Beyond the completion of the research projects with Battelle, TMC and the EPA the “vetting” process of submission, acceptance and publication of scientific results in respected peer-reviewed journals often takes a year or more. But it is absolutely necessary if a method, technology or process is to gain the kinds of credibility that allow a company’s products to enter into the domain of being accepted for commercial sales. That has now occurred for Battelle's work on TB and is in its final stages for TMC's work on Group B Strep. It is for that reason I stated and continue to state that NanoLogix entered what can be described as the early stages of serious product marketing approximately seven months ago.

The different phases of marketing should also be viewed as ones in which overlapping occurs. You never, for example, stop “mapping” your potential consumers and competitors. Similarly, the emphasis on a particular activity shifts at various points even if it is a movement from early development of a product to refinement and improvement. The original BioNanoChannel (BNC) represented the early “proof of concept” in a limited laboratory R & D context but it was not a serious commercial product. It offered the concept on which the NanoLogix advantage is based but was a crude instrumentality that was not well-suited to commercialization. As the technology was refined the BioNanoPore (BNP) and BioNanoFilter (BNF) were developed with significantly greater commercial applications. Along with this I see the development of the NNLX packaging technology as a critical breakthrough, not only in relation to enhancing the durability of the BNP but as an independent product line with great profit potential.

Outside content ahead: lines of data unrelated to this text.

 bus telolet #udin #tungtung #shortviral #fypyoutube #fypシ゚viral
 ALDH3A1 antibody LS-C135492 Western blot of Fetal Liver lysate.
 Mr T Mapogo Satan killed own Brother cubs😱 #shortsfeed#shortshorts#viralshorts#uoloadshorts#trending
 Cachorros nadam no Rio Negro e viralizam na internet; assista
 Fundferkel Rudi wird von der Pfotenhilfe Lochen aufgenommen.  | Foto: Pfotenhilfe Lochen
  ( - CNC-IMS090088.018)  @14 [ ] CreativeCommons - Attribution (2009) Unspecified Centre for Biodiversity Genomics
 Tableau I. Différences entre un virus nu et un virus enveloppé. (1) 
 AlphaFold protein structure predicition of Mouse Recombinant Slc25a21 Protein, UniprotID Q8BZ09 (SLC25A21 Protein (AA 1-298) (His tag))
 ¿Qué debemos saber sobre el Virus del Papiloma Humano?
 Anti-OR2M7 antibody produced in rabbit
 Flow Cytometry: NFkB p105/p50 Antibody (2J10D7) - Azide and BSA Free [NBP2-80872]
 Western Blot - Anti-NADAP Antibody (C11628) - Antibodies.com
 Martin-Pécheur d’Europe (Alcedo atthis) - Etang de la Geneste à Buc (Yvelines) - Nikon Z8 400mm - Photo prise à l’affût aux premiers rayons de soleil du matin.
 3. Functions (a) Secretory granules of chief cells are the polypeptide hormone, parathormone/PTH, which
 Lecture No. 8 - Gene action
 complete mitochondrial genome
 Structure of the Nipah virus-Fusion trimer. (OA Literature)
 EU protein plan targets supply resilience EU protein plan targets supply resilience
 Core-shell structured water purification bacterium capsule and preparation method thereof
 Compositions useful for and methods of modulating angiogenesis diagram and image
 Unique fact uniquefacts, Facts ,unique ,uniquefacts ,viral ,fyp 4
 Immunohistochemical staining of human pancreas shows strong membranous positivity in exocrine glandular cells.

In any event, those are a few of my thoughts on marketing as a complex phenomenon. As I look at what the company has done under its current leadership I have great respect for how its CEO has “shepherded” NanoLogix and developed and implemented the only set of strategies that could have made sense within the operating conditions, resource realities, need for allies and credibility, requirement of workable commercial product lines, and competitive market conditions and obstacles. A company such as NanoLogix requires an adaptable leader capable of developing, recognizing and seizing opportunities as they arise and this in fact is what has occurred. Without that leadership I have little doubt that NanoLogix would have not be positioned for the significant advancements that lie ahead in the near future. Contrary to what a poster on one message board stated, success lies in the hands of the NanoLogix board and its CEO and Chair.

One thing that seems obvious, however, is that in a tiny company such as NanoLogix where there is a need for a multi-directional marketing strategy it is likely that some reallocation of resources and functions be done. I described the fact that NanoLogix is moving into a phase where substantial marketing of diverse products in several distinct sectors and global locations is essential. The problem is that given the severe resource constraints in which such small companies operate and the need to do what might be called “cross marketing” (generic Petri plates, BNP for TB, BNP for Group B Strep, US Defense industry, food industry, etc.) the flexible and creative strategic marketing and development we have seen to this point that has positioned a tiny company in very positive ways will also require a strategy in which a diverse set of personnel with contacts and experience in the core product sectors will need to be recruited.

I trust acquiring this added capability is in process or soon will be. To this point the CEO has demonstrated an awareness of strategic needs and there is no reason to think either that the most productive opportunities will not be seized or that the hard decisions won’t be made in order to maximize shareholder interests. With the limited financial resources available this is unfortunately likely to require reallocation of positions and identification of several different personnel but in the interests of the shareholders and the company’s development it seems a necessary next step.